米国の政治・経済などが不安定となり、株価が値下がりするリスクです。例えば昨年ロシアがウクライナに侵攻した際に、ロシア通貨ルーブルが大暴落した現象が「カントリーリスク」と言えるでしょう。


投資対象国のリスクが気になる人は国債の「格付け」をチェックしてみましょう。債券の「格付け」はもっとも信用度が高いものはAAAで、AA・A・BBB・BB・B・CCC・CC・Cの順番で信用度が低くなります。


BBB以上の格付けを信用度が比較的良好で、BB以下は信用度が低いとされています。格付けは民間の会社が行うもので、会社によって評価が異なりますので指標として捉えておきましょう。


米国は世界第1位のGDP、生産年齢人口が20年間減らないという見通しなどから筆者はカントリーリスクが低いと予測しています。
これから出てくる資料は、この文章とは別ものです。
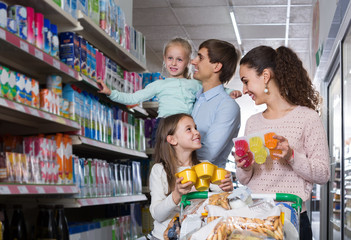 Naklejka premium customers with children selecting sweet dairy products in hypermarket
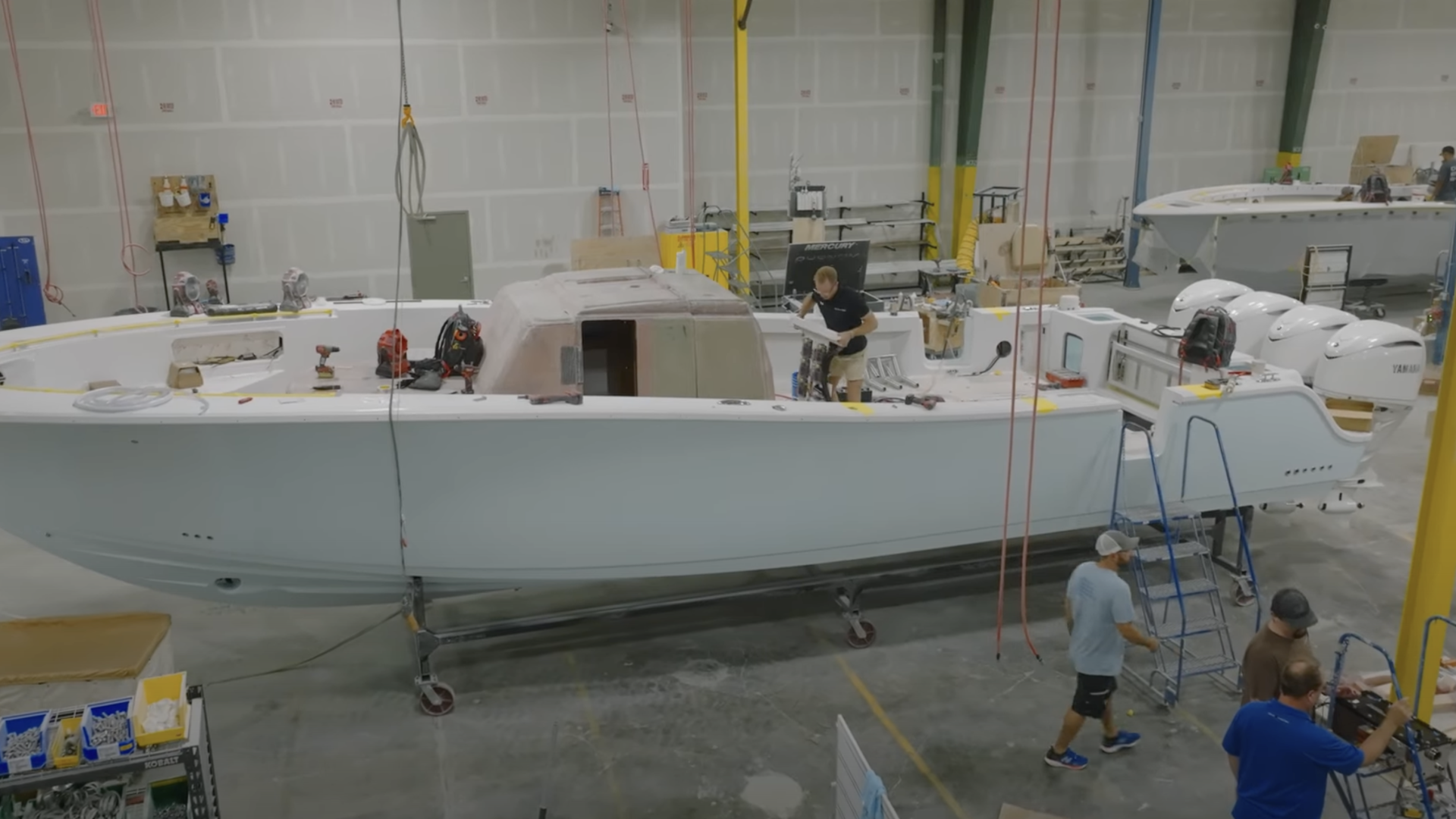 Boat under construction in a manufacturing facility with workers on scaffolding and ladders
(「現役投資家が解説!米国株・ETFに投資する理由3つとは?長期の見通しも」参照)


なお2022年10月31日時点で米国はA~AAAの間で格付けされており、日本はAA+と評価されています。


流動性リスク

流動性の低い株式・ETFを保有することで、売却して現金化するまでに時間がかかるリスクが生じます。

出来高が多い株式・ETFを購入・保有することで流動性リスクをおさえることが可能です。


ETF:市場価格と連動しないことがある

特定の指標と連動するインデックスファンドは、さまざまな理由から指標と連動しないリスクがあります。例えばファンドの組み入れ比率や組み入れ額が指数と連動しない、売買・運用コストが差し引かれるなどの原因があります。


ETFを購入する前に信託報酬・売買のコスト、過去のチャートと指数の動きをチェックしておきましょう。


ETF:長期保有でコストが上がってしまう

ETF・投資信託には運用コストとして信託報酬がかかります。特にレバレッジETFは、数倍の値動きがあり信託報酬も高めに設定されています。短期で高いリターンを狙う人が購入する商品で、筆者も3倍のレバレッジがかかったETFを保有しています。


長期でレバレッジETFを保有すると、含み益を確認して売っても「○倍と謳っているのに○倍になっていない」という事態が起こります。信託報酬と売買コストが差し引かれているからです。


昨年、NASDAQ100指数にレバレッジをかけた「レバナス」の人気が上昇しました。現在保有している人もいらっしゃるのではないでしょうか。


iFreeレバレッジNASDAQ100」は信託報酬が年率0.99%、「楽天レバレッジNASDAQ-100」は年率0.77%です。ともに2倍の値動きを目指していますが、購入時の2倍の価額で売却しても利益が2倍になるわけではありません。売買のコストは株・ETF全般に課されます。ETF・レバレッジETFを保有している人は保有コストにも注意しましょう。


まとめ

米国株・ETFには上記のようなリスクがあり「始めるのが怖い」というかたもいらっしゃるかもしれません。しかし、日本株より高いリターンを見込むことができます。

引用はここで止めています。